TASK BRIEF: Consider the listing below. Extract exactly the lines from the line containing "Кто изучает природу 2 класс" to the line containing "Разные профессии - фото 2", both included.

RECORDS FOR THE EXERCISE:
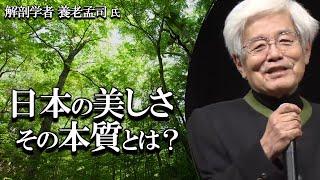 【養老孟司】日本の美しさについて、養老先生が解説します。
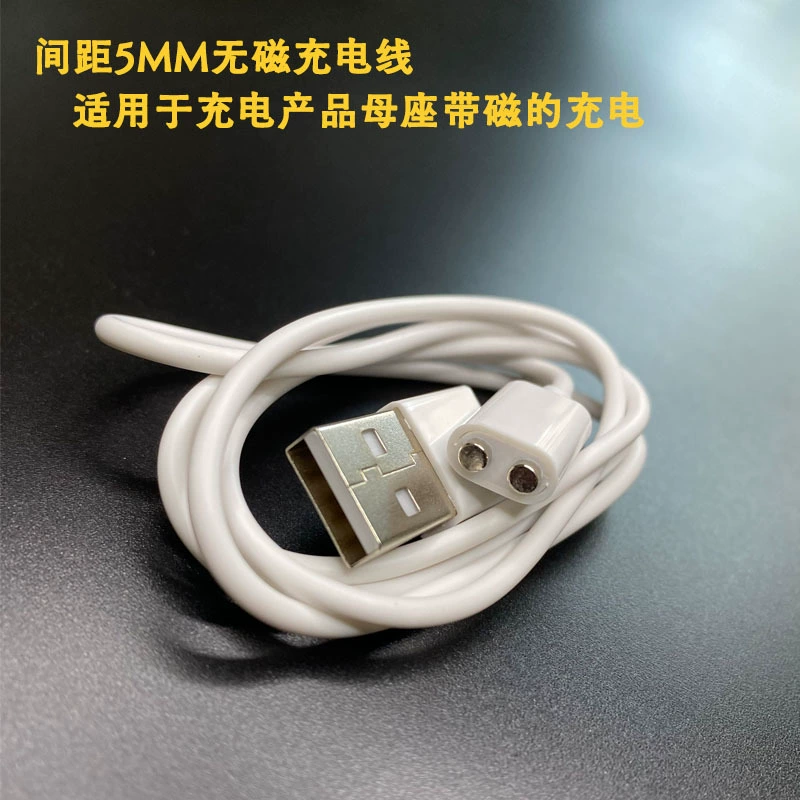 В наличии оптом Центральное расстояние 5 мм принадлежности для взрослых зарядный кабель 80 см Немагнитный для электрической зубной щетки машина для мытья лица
* * *
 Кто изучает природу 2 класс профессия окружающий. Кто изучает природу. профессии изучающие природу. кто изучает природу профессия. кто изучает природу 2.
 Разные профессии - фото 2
...
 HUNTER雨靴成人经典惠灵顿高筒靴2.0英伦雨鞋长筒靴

RESULT FOR THIS EXERCISE:
 Кто изучает природу 2 класс профессия окружающий. Кто изучает природу. профессии изучающие природу. кто изучает природу профессия. кто изучает природу 2.
 Разные профессии - фото 2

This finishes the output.